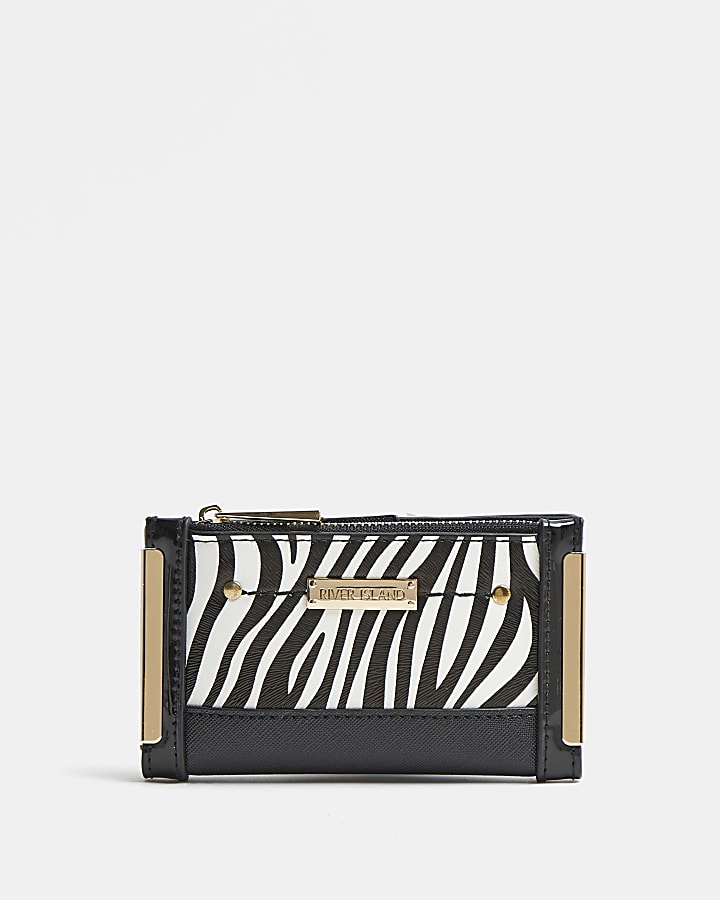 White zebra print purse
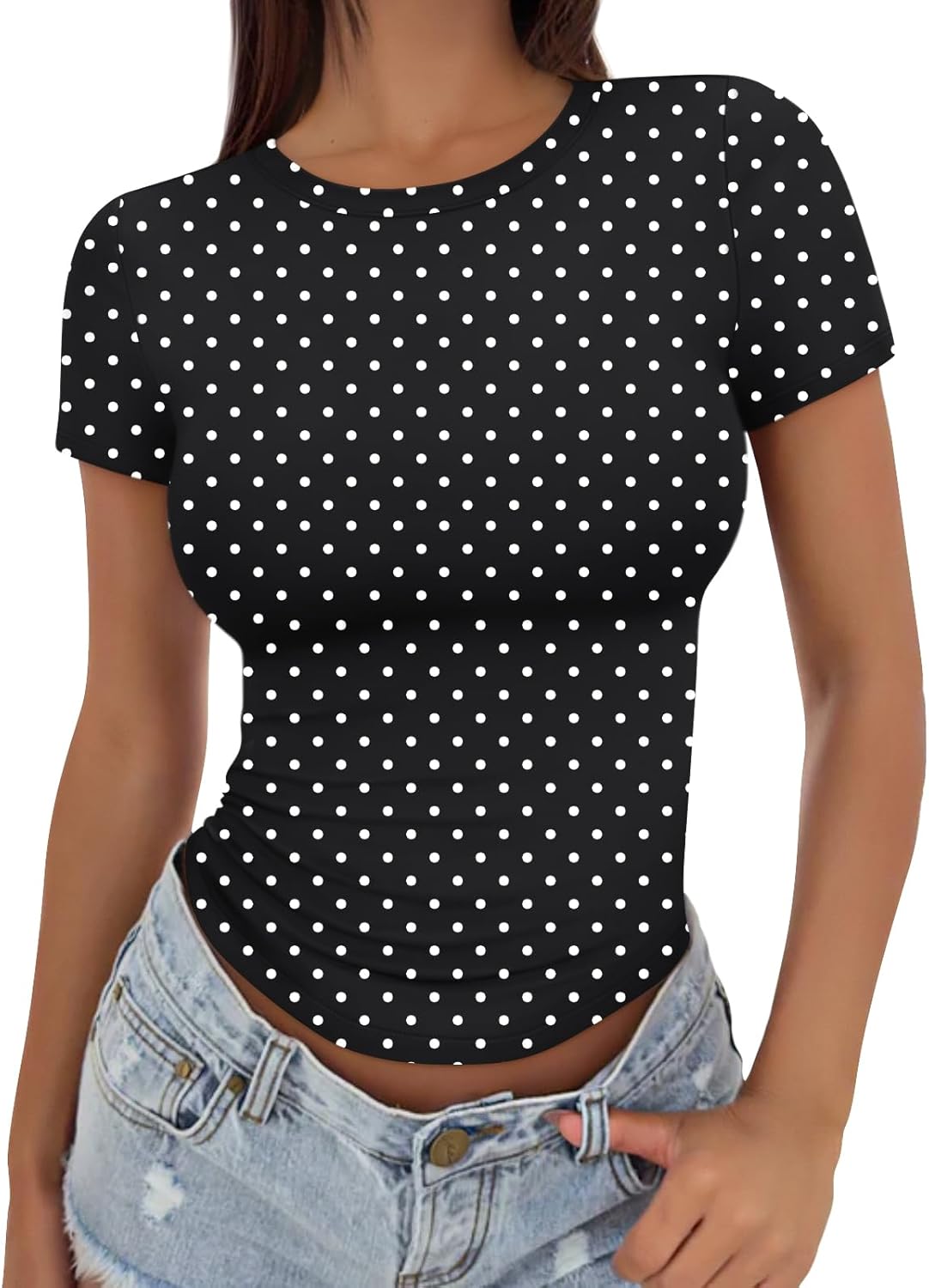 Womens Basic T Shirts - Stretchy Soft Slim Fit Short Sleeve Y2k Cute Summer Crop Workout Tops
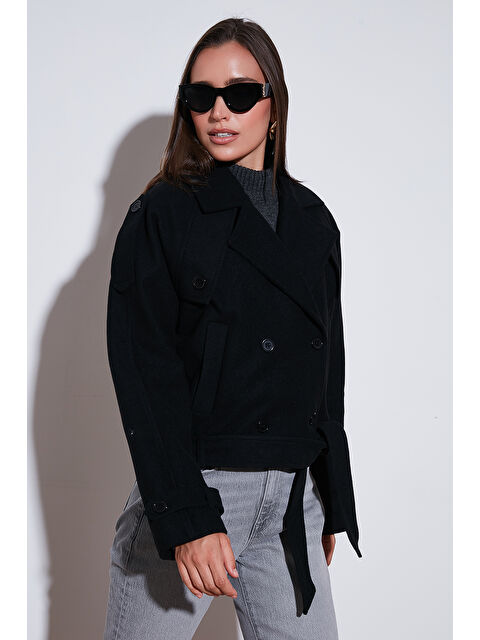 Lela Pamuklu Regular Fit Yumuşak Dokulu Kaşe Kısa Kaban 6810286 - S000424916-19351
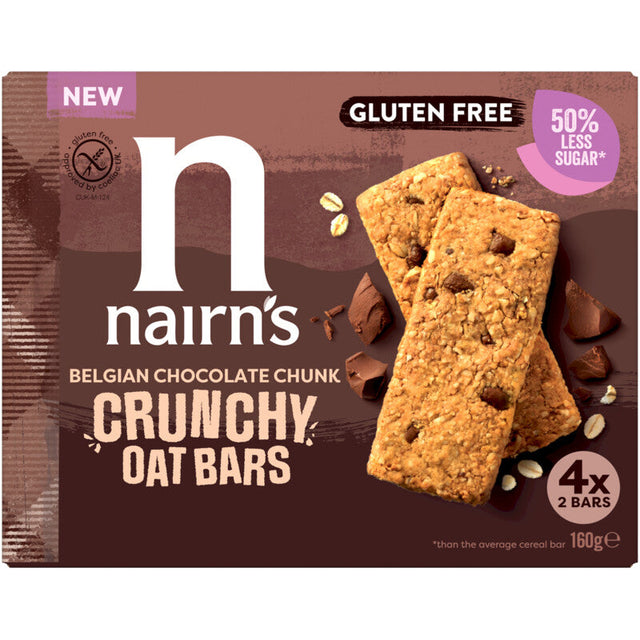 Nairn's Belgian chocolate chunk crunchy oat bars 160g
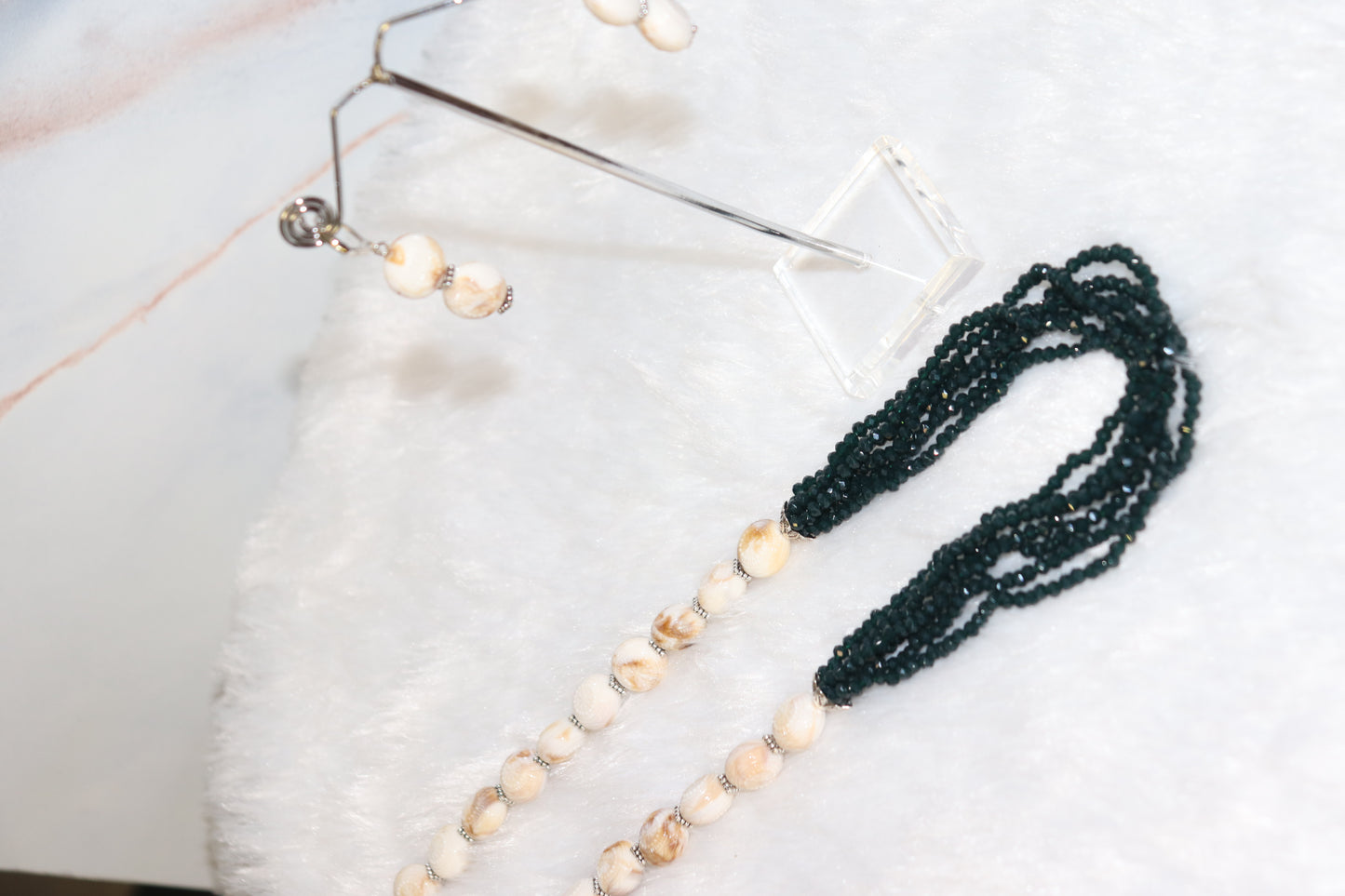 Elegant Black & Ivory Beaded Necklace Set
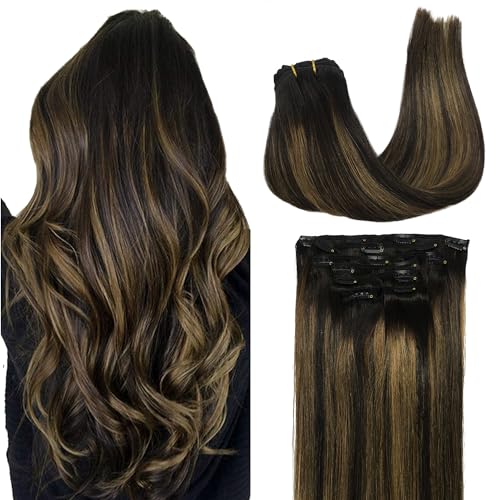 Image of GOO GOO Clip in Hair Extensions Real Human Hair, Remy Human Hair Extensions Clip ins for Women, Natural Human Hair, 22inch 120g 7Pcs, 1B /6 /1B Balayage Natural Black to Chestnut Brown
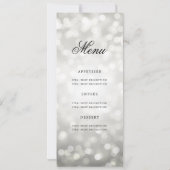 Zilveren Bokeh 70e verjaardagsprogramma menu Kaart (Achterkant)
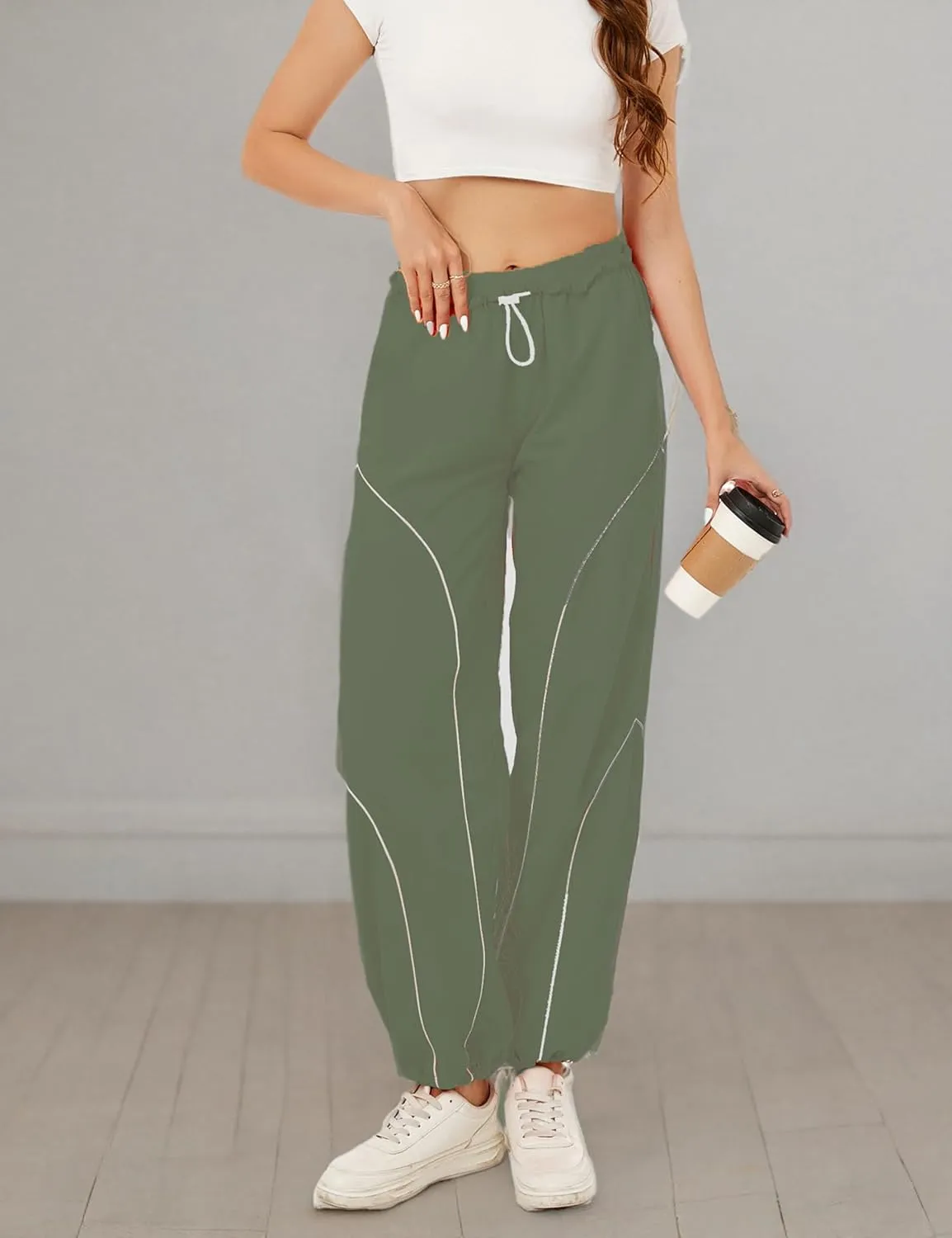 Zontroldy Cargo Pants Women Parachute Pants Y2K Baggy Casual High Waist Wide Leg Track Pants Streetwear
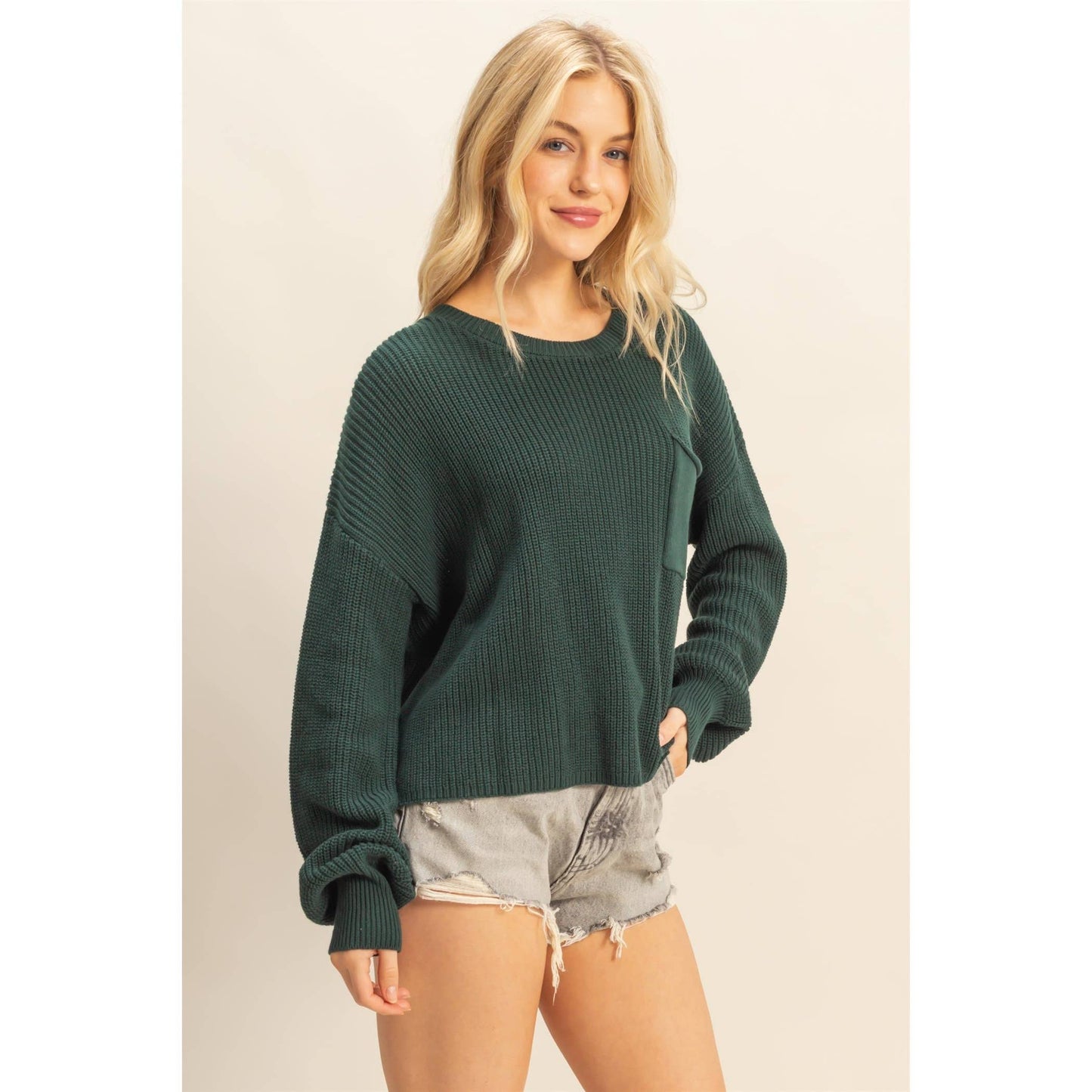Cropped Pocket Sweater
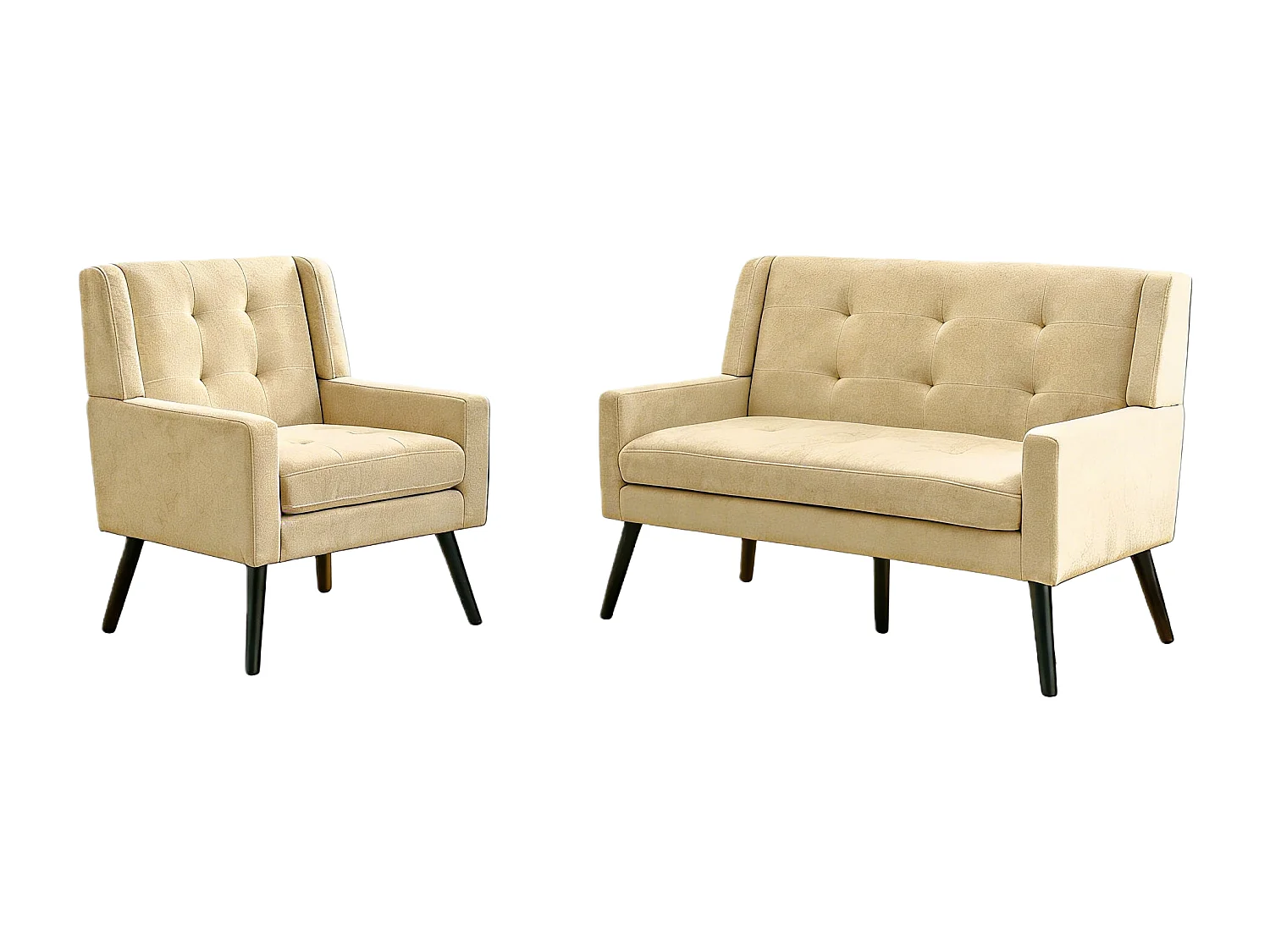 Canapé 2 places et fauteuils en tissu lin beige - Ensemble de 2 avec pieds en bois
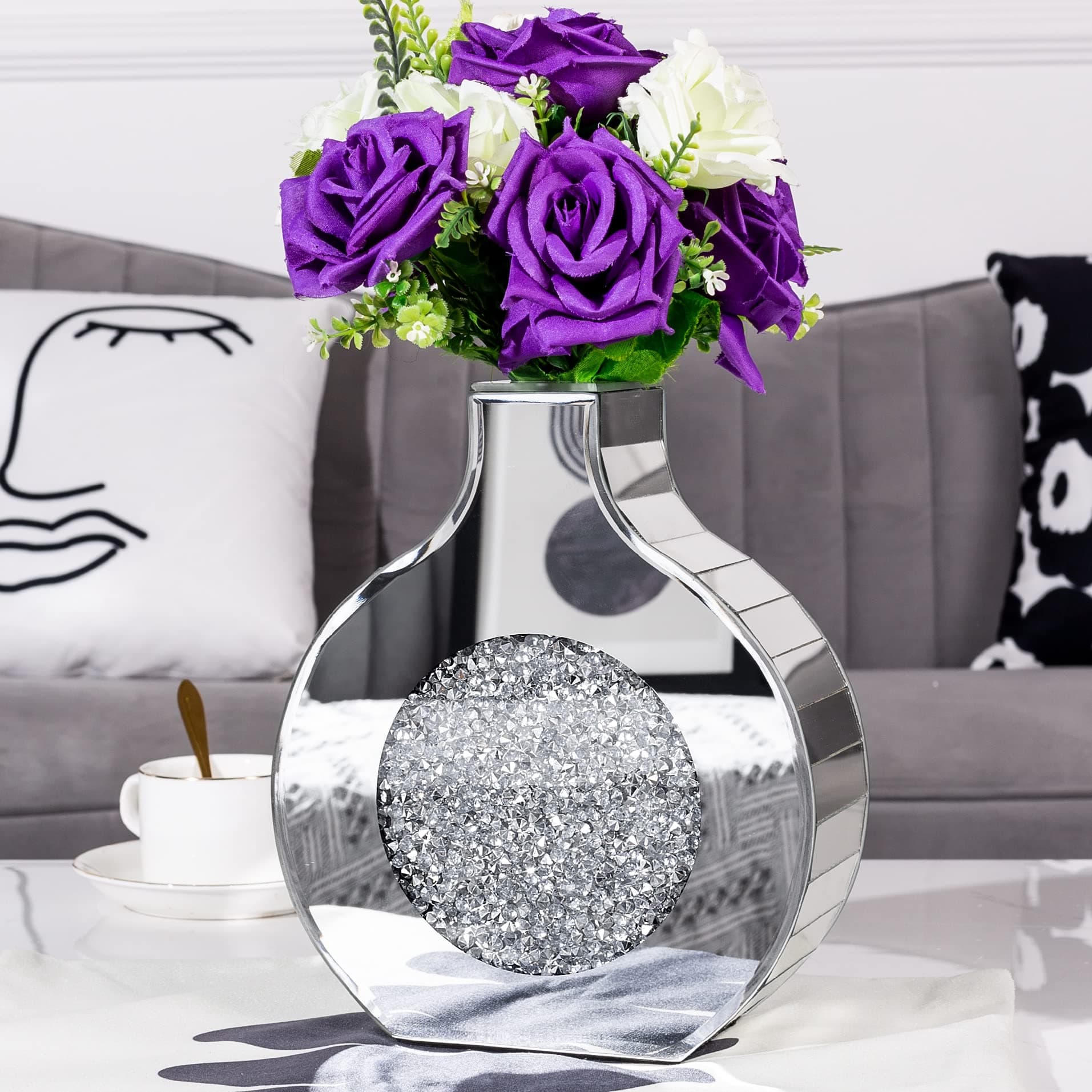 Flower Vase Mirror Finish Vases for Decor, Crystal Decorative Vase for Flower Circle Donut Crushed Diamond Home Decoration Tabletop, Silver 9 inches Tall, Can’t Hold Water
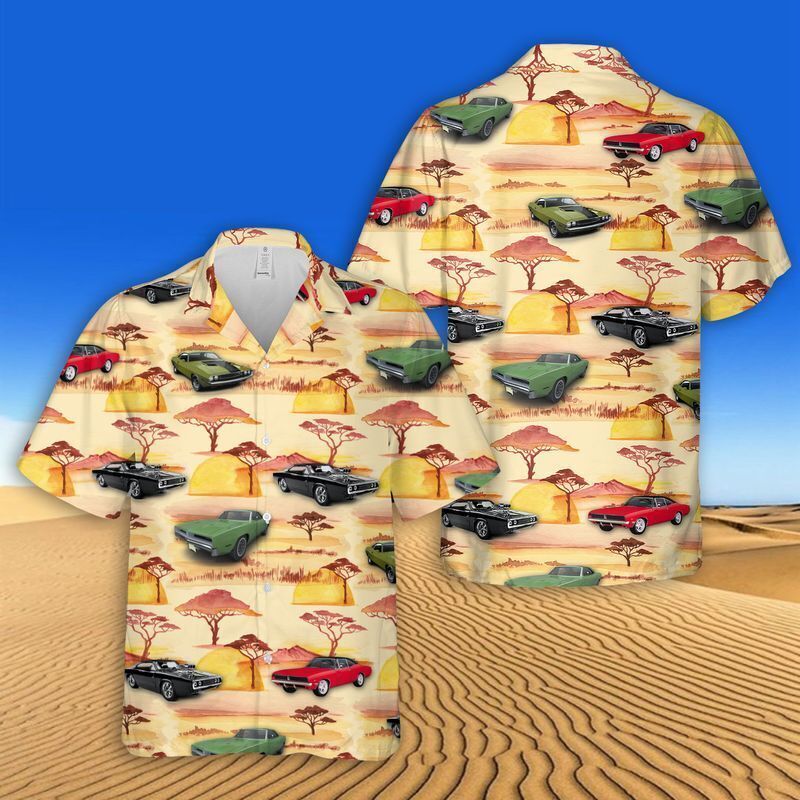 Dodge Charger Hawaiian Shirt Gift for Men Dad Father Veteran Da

• • • • •

◆ **Task objective**
Only the lines starting at the one with "Lela Pamuklu Regular" and ending at the one with "Zilveren Bokeh 70e" should be printed, each exactly as it appears in the material above; the pictures are to be omitted.

◆ **Response area**
 Lela Pamuklu Regular Fit Yumuşak Dokulu Kaşe Kısa Kaban 6810286 - S000424916-19351
 Nairn's Belgian chocolate chunk crunchy oat bars 160g
 Elegant Black & Ivory Beaded Necklace Set
 Image of GOO GOO Clip in Hair Extensions Real Human Hair, Remy Human Hair Extensions Clip ins for Women, Natural Human Hair, 22inch 120g 7Pcs, 1B /6 /1B Balayage Natural Black to Chestnut Brown
 Zilveren Bokeh 70e verjaardagsprogramma menu Kaart (Achterkant)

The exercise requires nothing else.